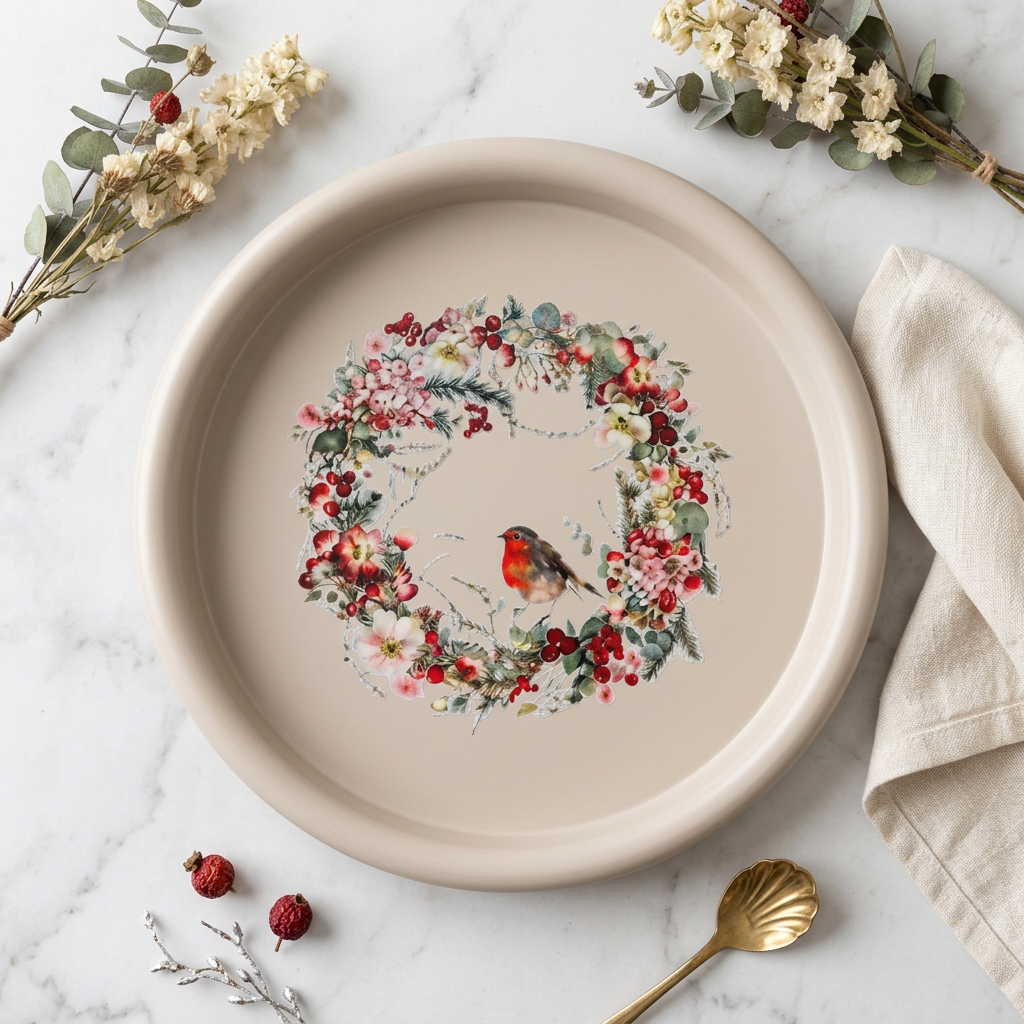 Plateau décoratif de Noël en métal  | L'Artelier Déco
...
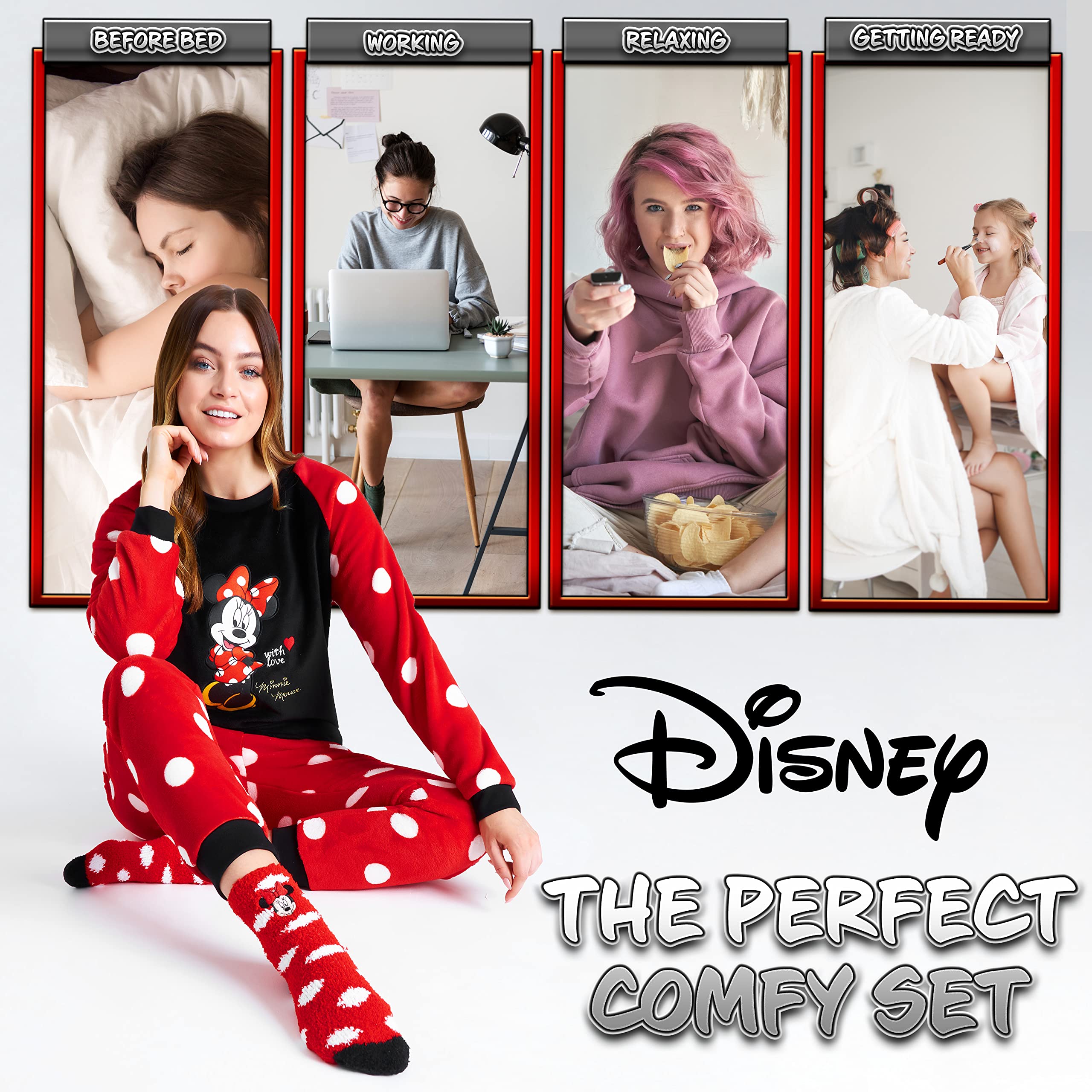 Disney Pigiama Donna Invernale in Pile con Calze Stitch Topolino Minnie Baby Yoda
* * *
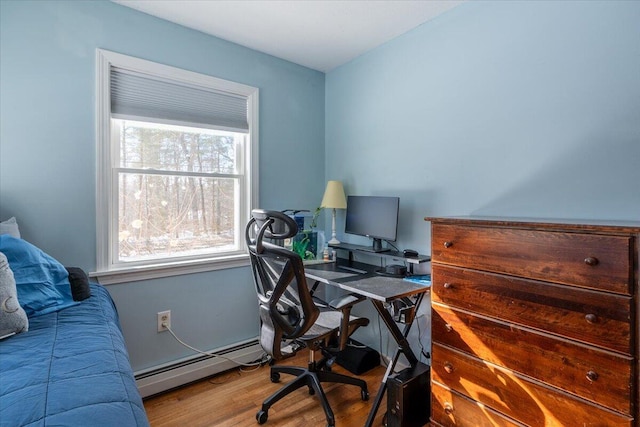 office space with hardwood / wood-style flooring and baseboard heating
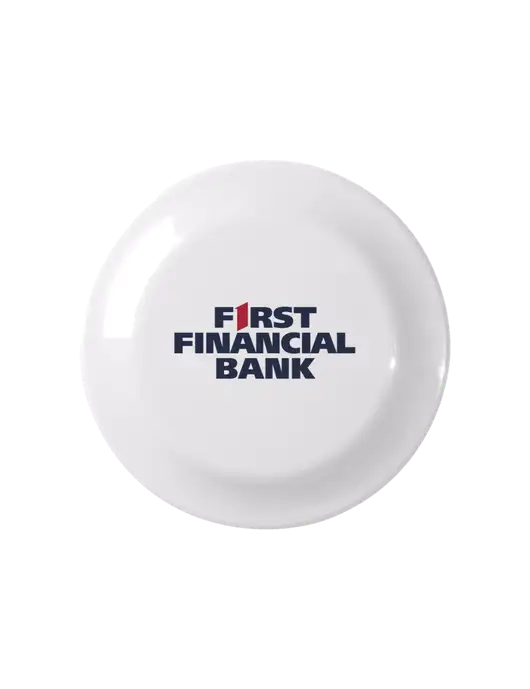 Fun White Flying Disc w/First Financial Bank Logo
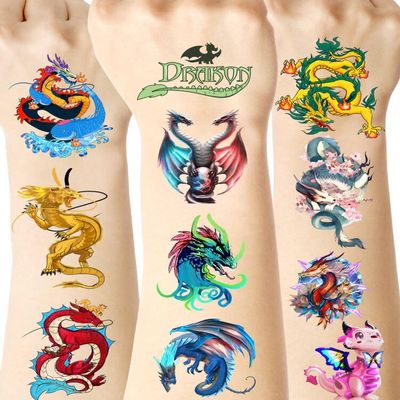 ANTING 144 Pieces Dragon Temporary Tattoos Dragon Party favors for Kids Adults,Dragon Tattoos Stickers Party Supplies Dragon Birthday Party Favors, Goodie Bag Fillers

**WORK TASK:** Reproduce, exactly and only, the lines of the records above starting at the line with "Fun White Flying" and ending at the line with "ANTING 144 Pieces", both included. Leave every picture out.

**YOUR RESPONSE:**
 Fun White Flying Disc w/First Financial Bank Logo
 ANTING 144 Pieces Dragon Temporary Tattoos Dragon Party favors for Kids Adults,Dragon Tattoos Stickers Party Supplies Dragon Birthday Party Favors, Goodie Bag Fillers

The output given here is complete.